というのも、応仁の乱以来、最強の軍として中央政界も左右した美濃斎藤氏の軍を柿帷衆(かきかたびらしゅう)といったそうです。多くの合戦で勝利したのですが、斎藤氏の軍が金剛寺の陣より観音寺へ退去の途中包囲され、一族家臣ともに自害したのです。(後法興院記)つまり、斎藤一族の主力の家臣は残らず自害、討ち死にしたのです。
このような死んだ者が多かったため、斎藤一族の中での「定近」の妻となる人物は限られていたのです。このような婚姻の流れがあったようです。ともかく「定近」一族が夜中に、大畑村を後にして、「利貞尼」のいる武儀群に向かったのです。この利貞尼が祖母にあたるのです。もちろん、武家より身分が高い公家に当たるのです。利貞尼は公爵関白一条兼良の娘なのです。応仁の乱より、兼良一族は、斎藤一族に身を寄せていたというのです。そして斎藤利国のところに嫁ぎ明応四年(1495年)夫の利国が江州(滋賀県)で討ち死にしたので、尼になっていたというのです。
その祖母利貞尼が、定近に「定近殿、私は夫利国・息子利親を失いました。

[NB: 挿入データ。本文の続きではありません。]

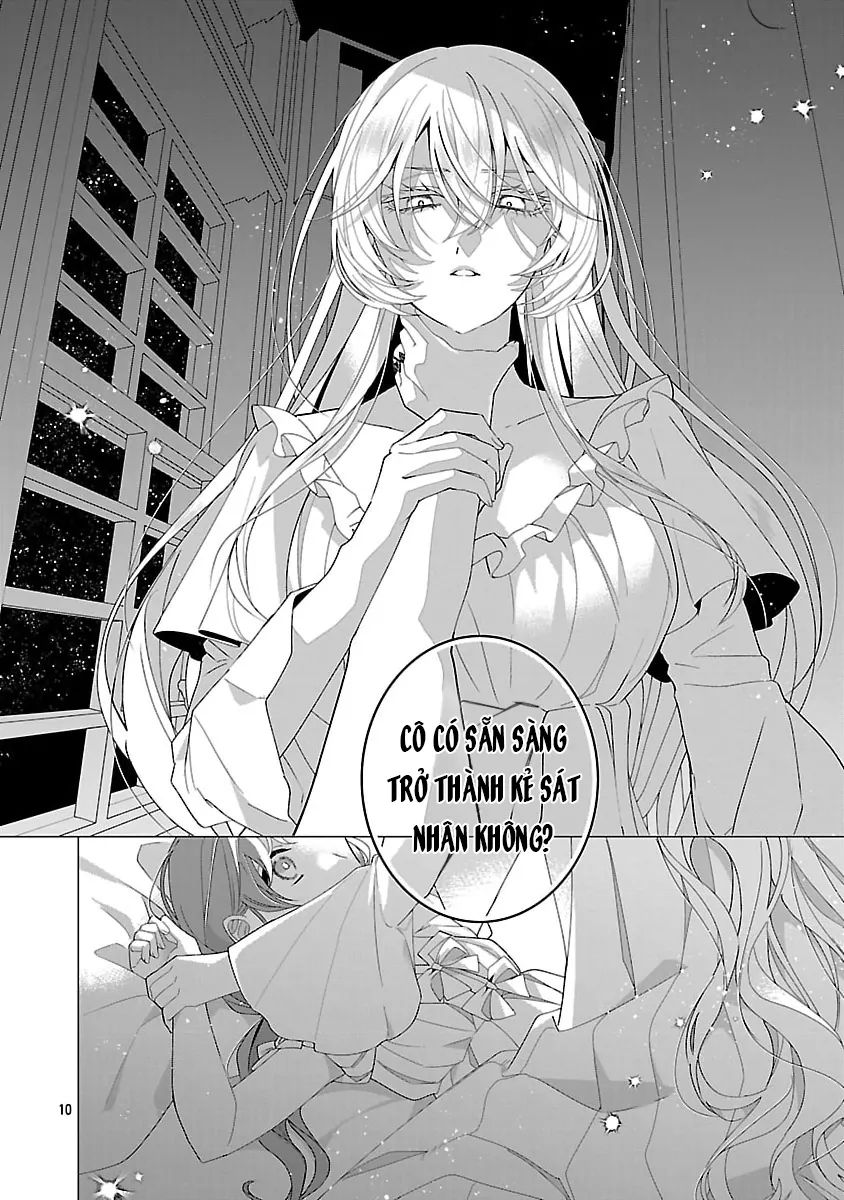 Nữ Nhân Viên Văn Phòng Muốn Phục Vụ Cho Nữ Phản Diện Chapter 25 - Trang 2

あなた様も娘の巳弘も長らえてくだされ。微力ではごさいましが、あなた様のお家再興をお助けいたします」という言葉をかけ、陰ひなたに助けたというのです。戦国産生を生きてきた女性の助けは重みがあったのです。このような祖母の援助があって大畑村を後にして、新天地を求めたのでした。
そして、祖母の助言は「定近殿、武士は戦ばかりでは駄目です。学問も大事です。頭を鍛えていけば正しい判断力を養う事ができます」と助言をしたというのです。このような女性の共助があったからこそ、領地を退いて新天地を求めることができたのであり、大きな決断もできたのです。定近一族は、斎藤利国様に家名の再興を近い、利貞尼の元気な身体と我が一族の行く末を見守ってくださいと手を合わせて、不破郡垂井の長屋影教の元に向かったというのです。